Critique | BD

BD : Le Lait Paternel, comment survivre à l’absence d’un père ?

3,5 / 5

Uli Oesterle, Dargaud

Le Lait paternel – Livre 1: Les errances de Rufus Himmelstoss

128 pages

3,5 / 5
Olivier Van Vaerenbergh
Olivier Van Vaerenbergh Journaliste livres & BD

Uli Oesterle, cador de la BD allemande, met en fiction sa propre vie dans « Le Lait Paternel », marquée par un père dont personne ne voudrait, mais qui lui sert d’excuse. Une autofiction sans fard ni concession, sur deux générations.

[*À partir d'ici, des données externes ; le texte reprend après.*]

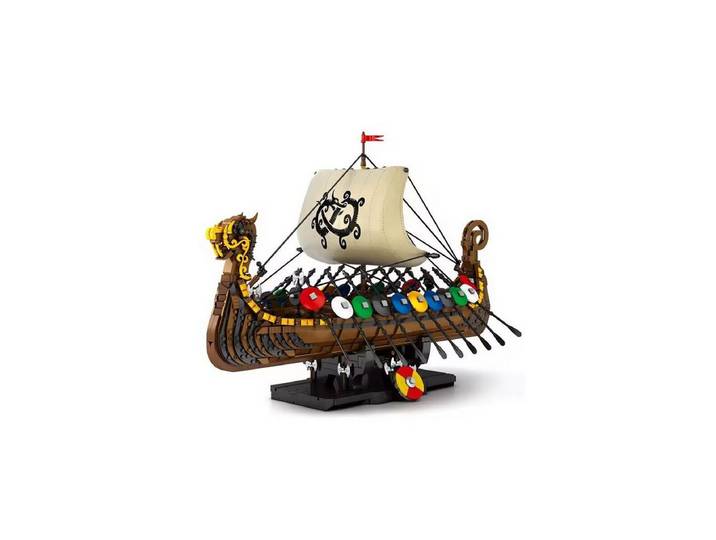 Reobrix Reobrix 66101 Wikinger Schiff Klemmbaustein Modell 2547 Teile Spielbausteine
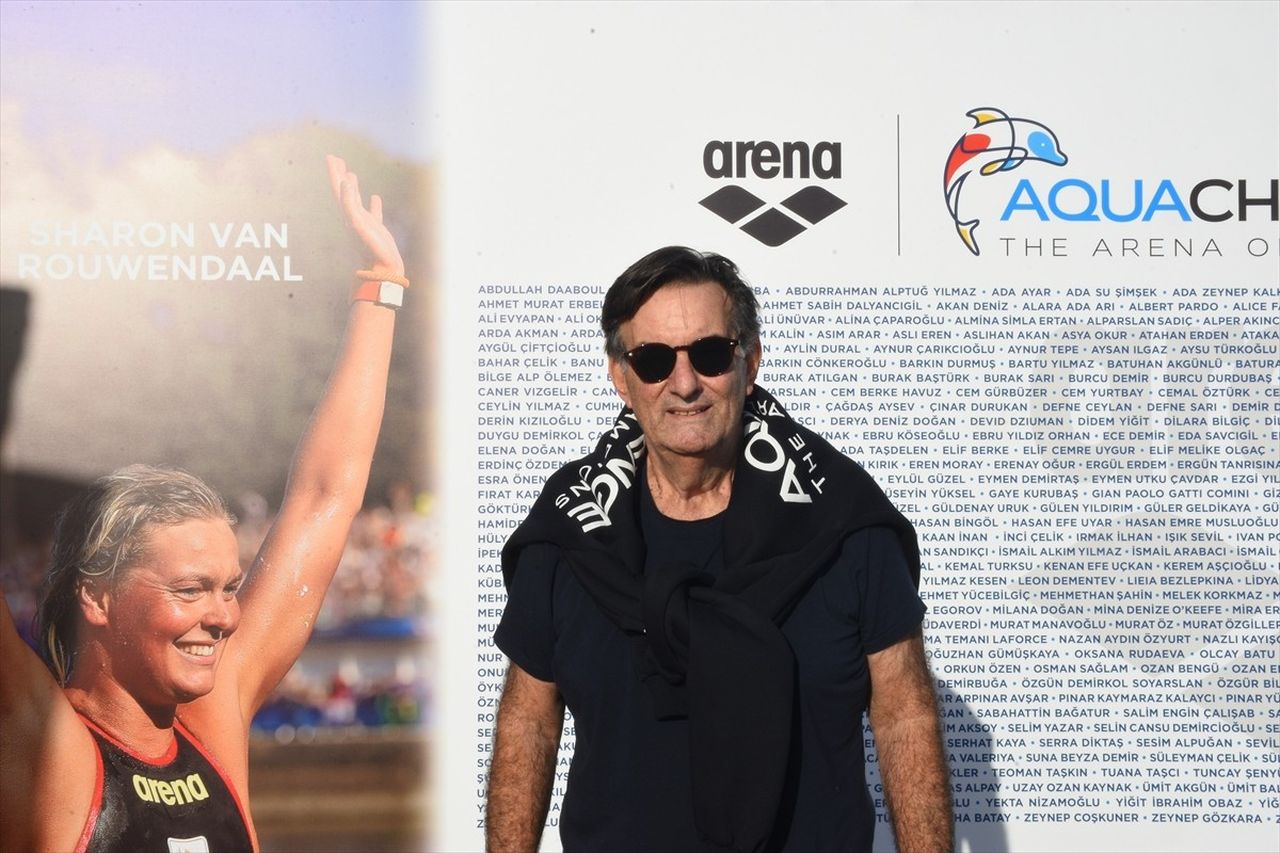 Muğla'nın Marmaris ilçesinde düzenlenen 25. Uluslararası Arena AquaChallenge Yüzme Şampiyonası...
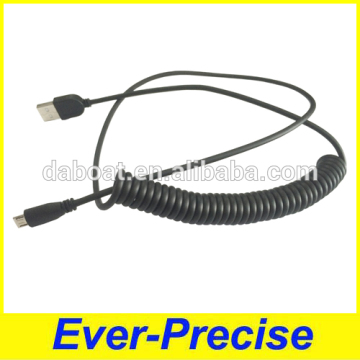 USB to Micro USB curly charging cord 20AWG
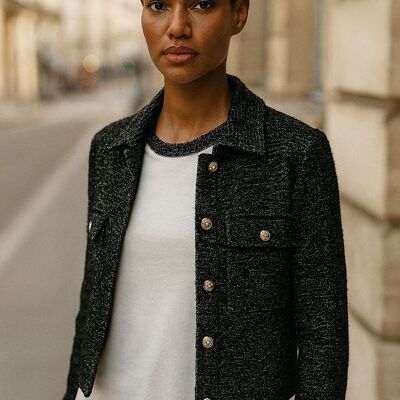 Chaqueta elegante de sastre con botones dorados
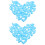 2St Lichtblauwe Mini Speentjes Acryl Babyshower Bedankjes 7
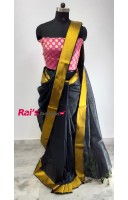 Pure Handloom With Double Weaving Bordar(15A3)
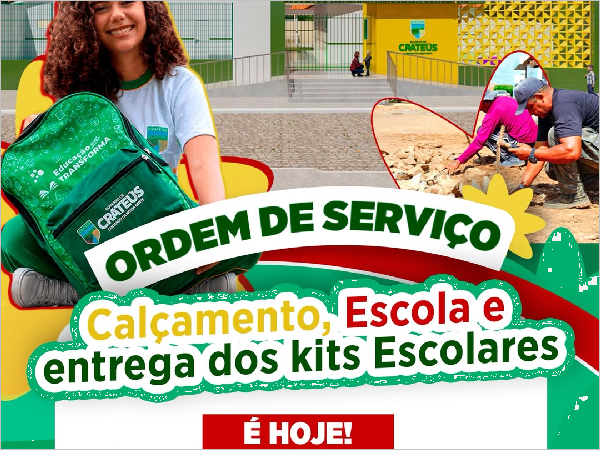 Educação de Qualidade em Crateús: Obras e Kits Escolares para os Alunos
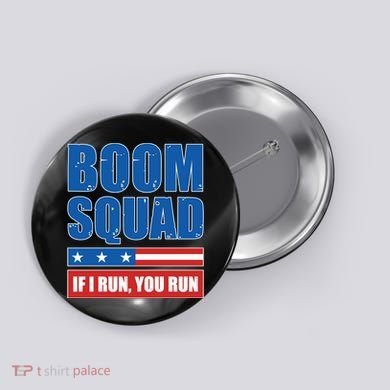 Boom Squad Fireworks Director 4th Of July Button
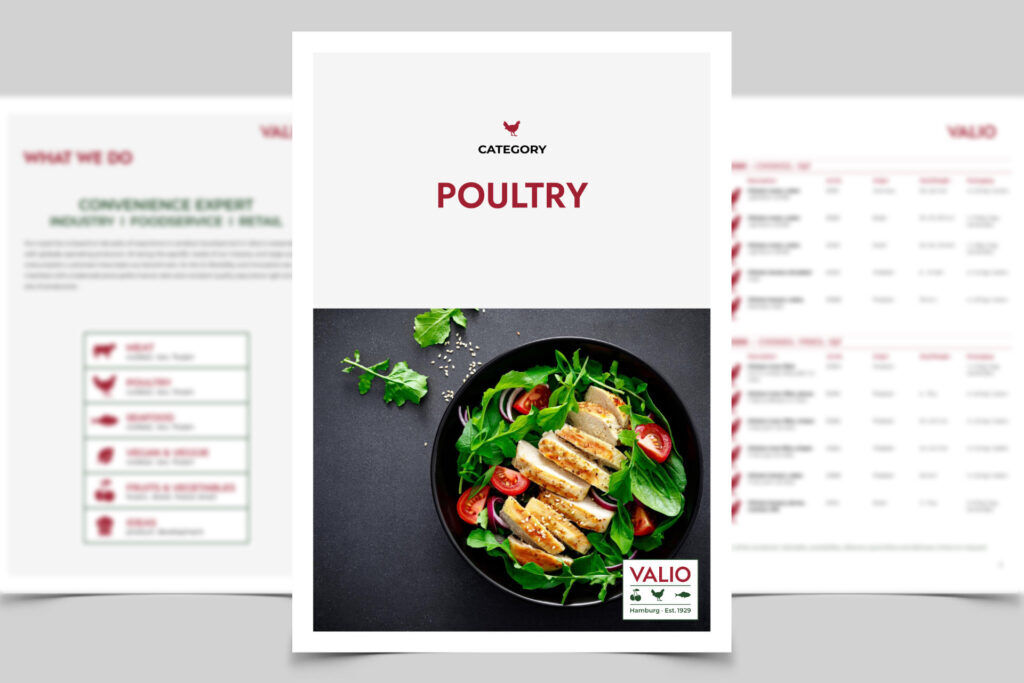 VALIO Product Catalog Poultry 2025 VALIO.de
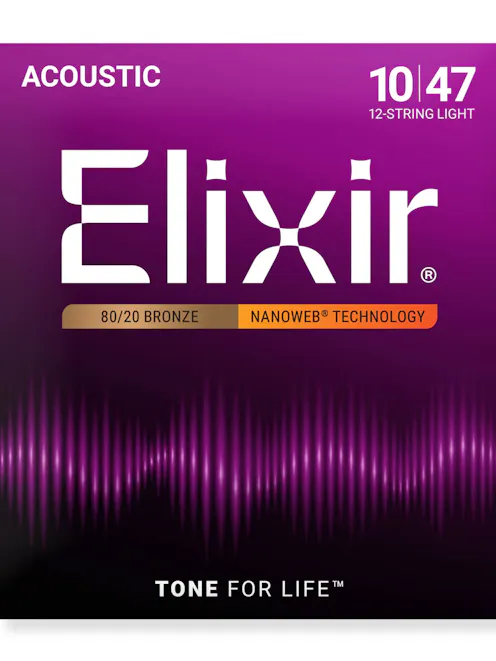 Elixir Nanoweb 80-20 Bronze Light 12 String 10-47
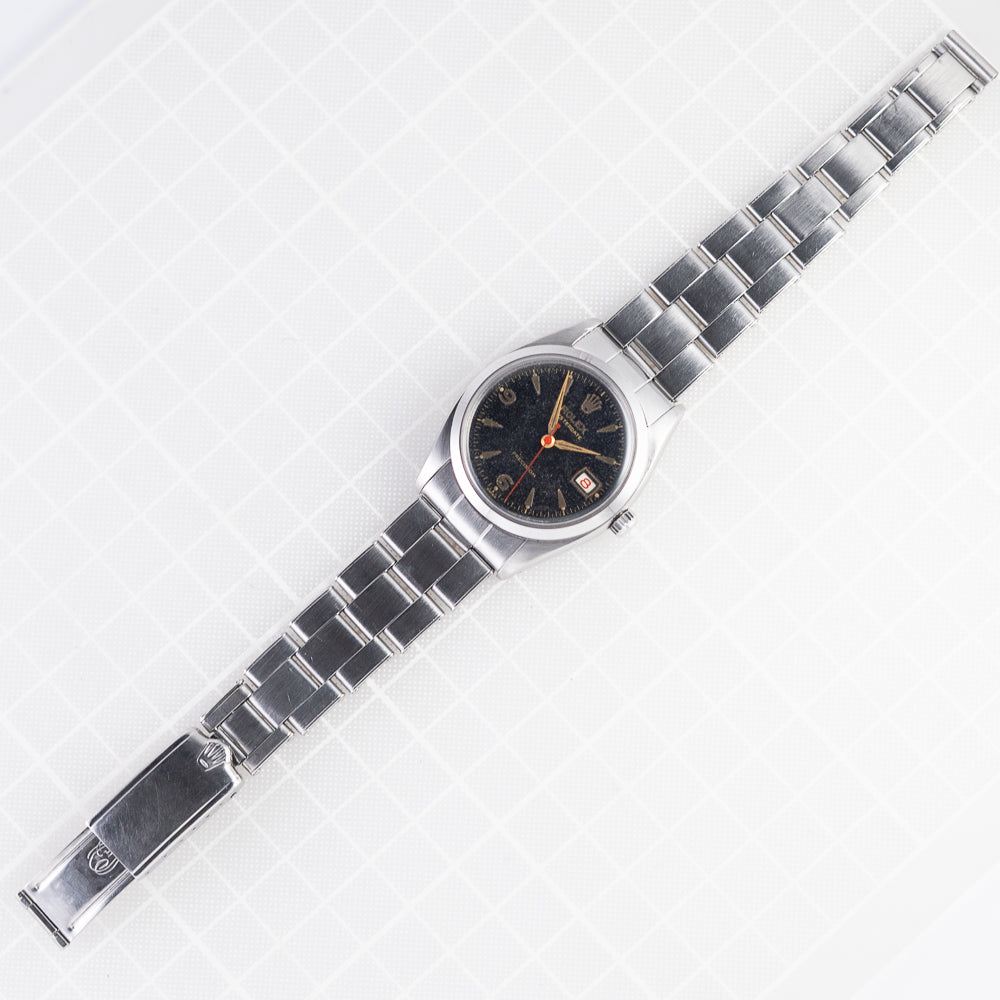 ROLEX OYSTER Black Gilt Ref.6494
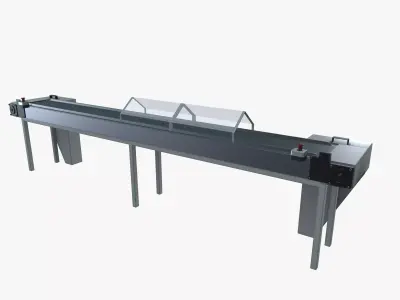 Conveyor belt Low-poly 3D model order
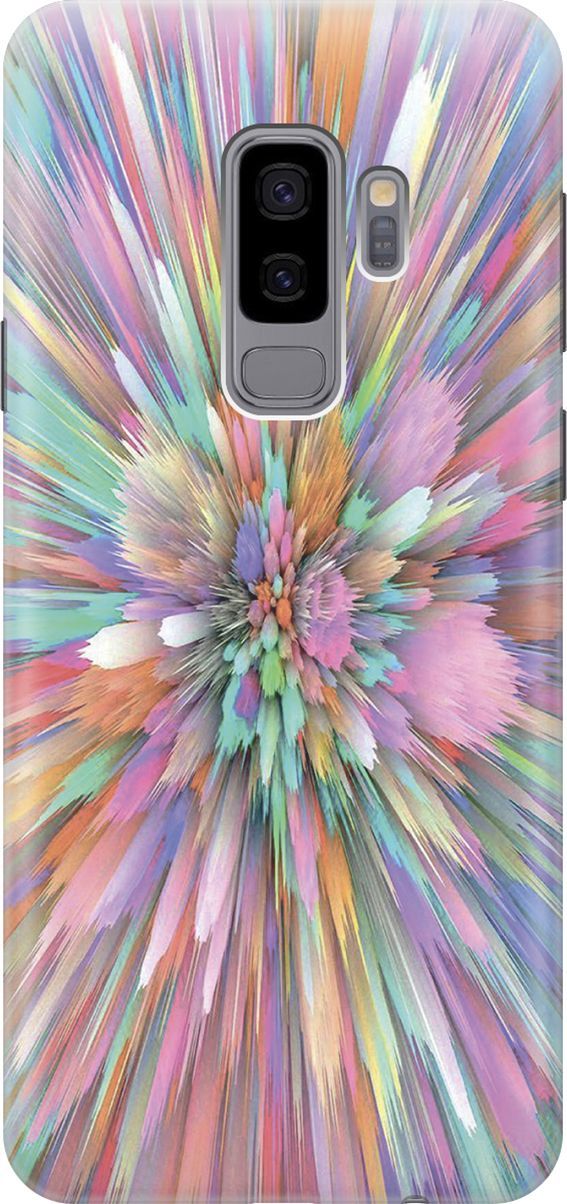 

Силиконовый чехол на Samsung Galaxy S9+ с принтом "Красочный взрыв", Голубой;розовый, 7557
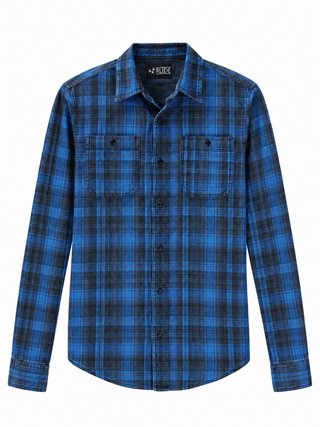 Camisa Rude Vintage Azul y Negra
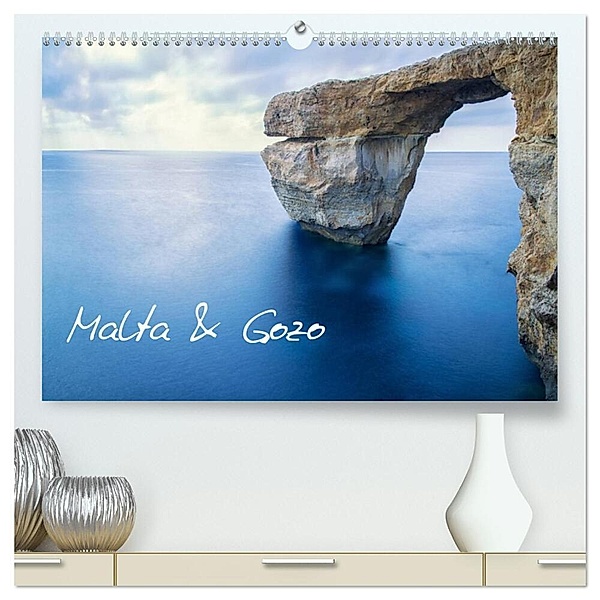 Malta & Gozo (hochwertiger Premium Wandkalender 2024 DIN A2 quer), Kunstdruck in Hochglanz, Christoph Papenfuss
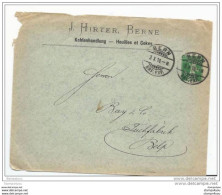 36-68 - Entier Postal Privé  "J. Hirter Bern  1910" - Interi Postali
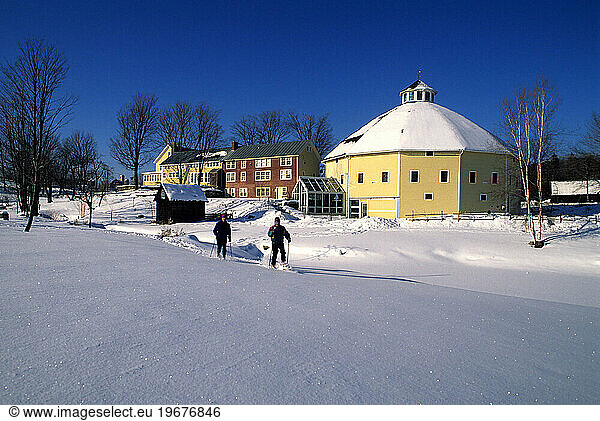 Cross country skiing in Vermont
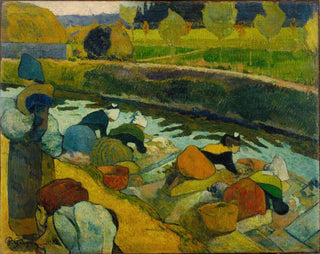 Les laveuses - Paul Gauguin — vy av konstverket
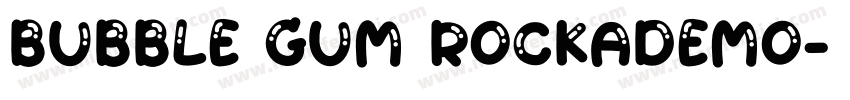 Bubble Gum RockADemo字体转换
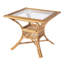 Beachwood 34.25 in. W Square Rattan Dining Table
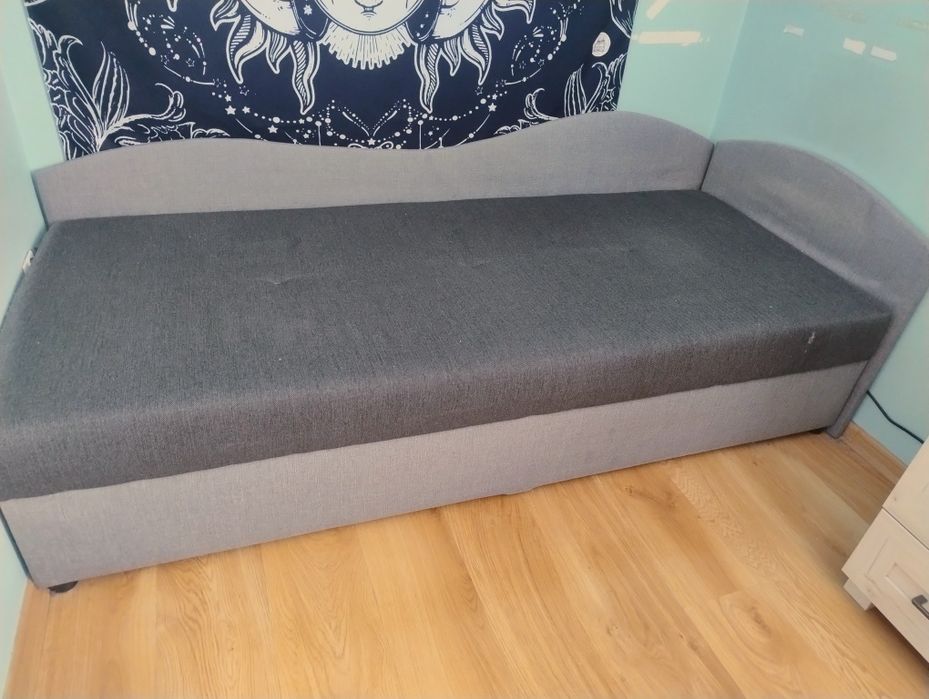 Łóżko 80x190 ze skrzynią
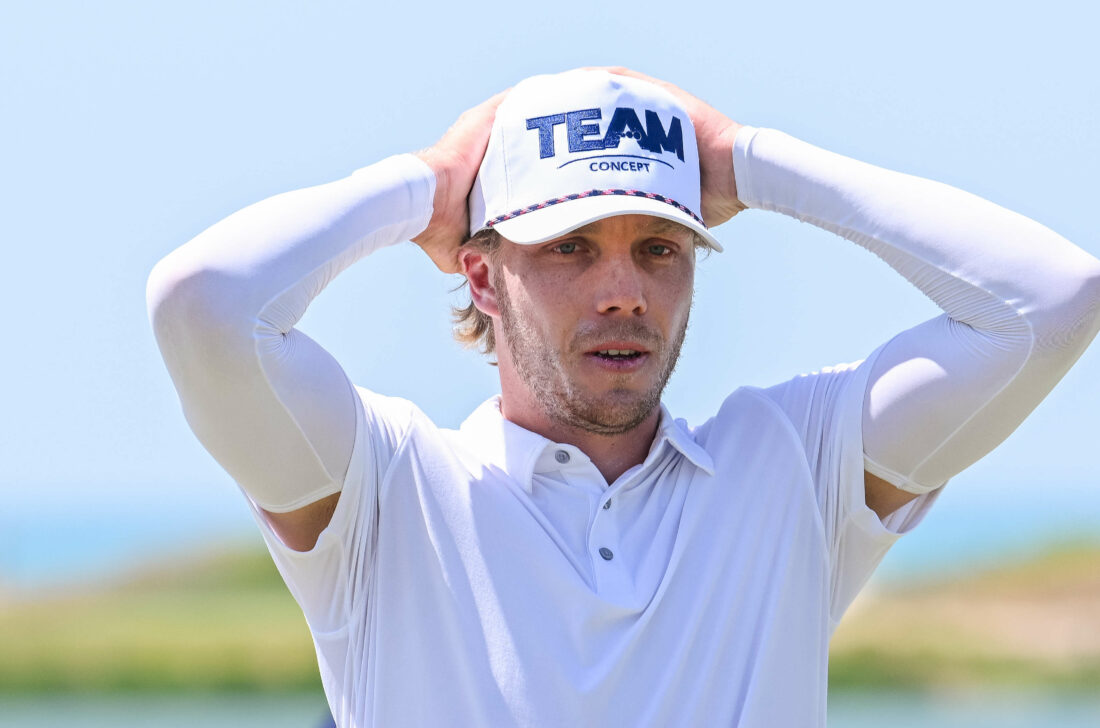 ABU DHABI, UNITED ARAB EMIRATES - MAY 07: Maximilian Rottluff of Germany celebrates the victory after plays his fourth shot on the 18th hole during Day Four of the UAE Challenge at Saadiyat Beach Golf Club on May 7, 2023 in Abu Dhabi, United Arab Emirates. (Photo by Octavio Passos/Getty Images) tour news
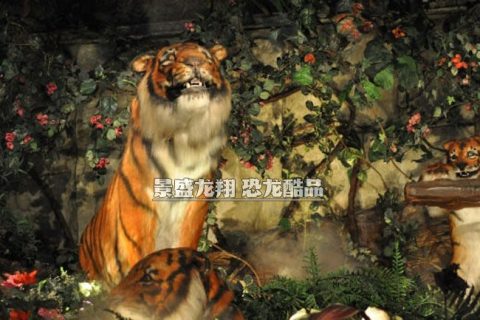 影城里的电动老虎模型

En juin 2005, à Munich, Victor Himmelstoss rend visite à son père Rufus, si on peut appeler ça un père – « Ou, du moins, cette dénomination de “ père ” ne lui a jamais correspondu (…) Un beau jour de 1975, il s’est brusquement volatilisé. Trente années durant, il ne restait plus la moindre trace de son existence. J’avais six ans à l’époque ». Cette visite sera d’ailleurs la dernière, puisque Rufus Himmelstoss est mort, ne laissant presque rien derrière lui, si ce n’est quelques pistes pour reconstituer son passé, et la raison de sa disparition. Vont alors se dérouler deux récits : celui de Rufus, et du Munich des années 70, « avec le quartier de Schwabing comme épicentre de la branchouille et du monde de la nuit ». Et celui de Victor, dans le Munich de 2005, avec d’étranges parallèles entre ces deux êtres qui ne sont quasiment pas connus : les deux se voient plus beaux qu’ils ne le sont, se montrent incapables d’assumer une vie de famille ou un semblant d’ambition (comme devenir auteur de BD…) et vont s’enfoncer dans la précarité, le déni et le drame. Au moins Victor pense-t-il avoir une bonne excuse pour être pathétique : « Si je suis comme je suis, c’est à cause de mon père biologique. Il m’a légué ses gènes foireux qui se sont disséminés en moi comme des moisissures coriaces. Je ne suis pas responsable, je m’en lave les mains.» Uli Oesterle a désormais quatre tomes pour nous prouver – on espère ! – que Rufus a pu se se racheter et que Victor s’est secoué. On a tendance à le croire, puisque Victor, à peu de choses près, c’est Uli lui-même, devenu un incontournable de la bande dessinée allemande et contemporaine.

Vérité crue

L’auteur n’en fait pas mystère : cette histoire est la sienne, comme il l’explique lui-même dans la postface de ce premier volume un peu plombé, tant ce passé est lourd et nos protagonistes a priori guère sympathiques, bien pire que des anti-héros : « A posteriori, ce projet était sans doute une tentative de me créer un modèle paternel meilleur que celui que mon daron de père n’a jamais été. Ah oui, j’oubliais… J’ai comblé les nombreux hiatus qui jalonnent son existence par des anecdotes librement inventées – mais dont chaque mot est empreint de vérité. » Cette vérité, qui transpire à chaque page de ce roman graphique plein de gravité et de maturité, en fait évidemment un « must have » pour ceux qui aiment l’autofiction ou les autobiographies sans fard. D’abord par cette manière dont l’auteur se montre d’abord sans concession avec lui-même, ensuite par sa graphie à la fois accessible et originale, nourrie de franco-belge autant que de comics, et parfaitement à l’aise dans sa succession de bichromies.